China's gauge of the health of its manufacturing sector, the purchasing managers' index (PMI), rose smartly in February and gained for the third month in a row, suggesting the country may be on the brink of an economic recovery.

Weekly inventory figures from the U.S. Energy Information Administration (EIA) due later in the day, which will likely show rising crude stockpiles, could signal further weakness in demand from the world's top energy consumer. Markets will also watch February non-farm payrolls and unemployment data due on Friday.

U.S. crude was up 11 cents at $41.76 a barrel by 0737 GMT (2:37 a.m. EST), after rising $1.50 overnight, while London Brent crude fell 11 cents to $43.59 a barrel.

The market still lacks direction at the moment. Investors do not know what to focus on, given falling stock markets and the really bad economic outlook, said Ken Haseagawa, manager of commodity derivatives sales at Tokyo-based broker NewEdge.

There's been no sign of any decrease in U.S. crude inventories yet, so investors lack the confidence to take long positions.

Oil prices have mostly traded in a tight band on both sides of $40 since mid-December, trapped by demand worries and concerns producers might intervene to support prices.

U.S. stocks fell in volatile trading on Tuesday, with the S&P ending below 700 for the first time since October 1996, on uncertainty over funding to shore up the financial system. <.N>

Global energy demand has collapsed as the deepening financial crisis threw major economies into a recession, causing oil prices to tumble nearly $110 since their peak last July

In fundamentals news, Libya's top OPEC official, Shokri Ghanem, said markets were still oversupplied, and the exporter group needed to reduce output, either through better compliance with existing supply curbs or a new cutback. But OPEC President Jose Botelho de Vasconcelos said the cartel had yet to decide whether to cut output further when it meets.

U.S. crude oil stockpiles dipped 463,000 barrels last week amid lower import levels and higher demand from refiners, the industry group American Petroleum Institute said on Tuesday.

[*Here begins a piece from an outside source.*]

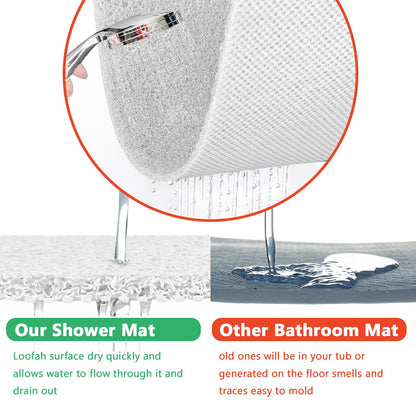 Lurowo Corner Shower Mat, Quadrant Loofah Shower Mat (White, 80 * 80cm)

The EIA will release its inventory report for last week later on Wednesday, and crude oil supplies are forecast to have risen 1.2 million barrels, according to a Reuters poll.

The market will also eye the release of key U.S. economic data, including the ADP employment report for February at 1315 GMT (8:15 a.m. EST), and February non-farm payrolls data on Friday, both of which are expected to reflect rising unemployment in the economy.

We expect oil to trade in the $35-$45 range, Hasegawa said. If we see a continued increase in U.S. crude stocks, oil could break below $35, but at that level, we would see some buying interest emerging.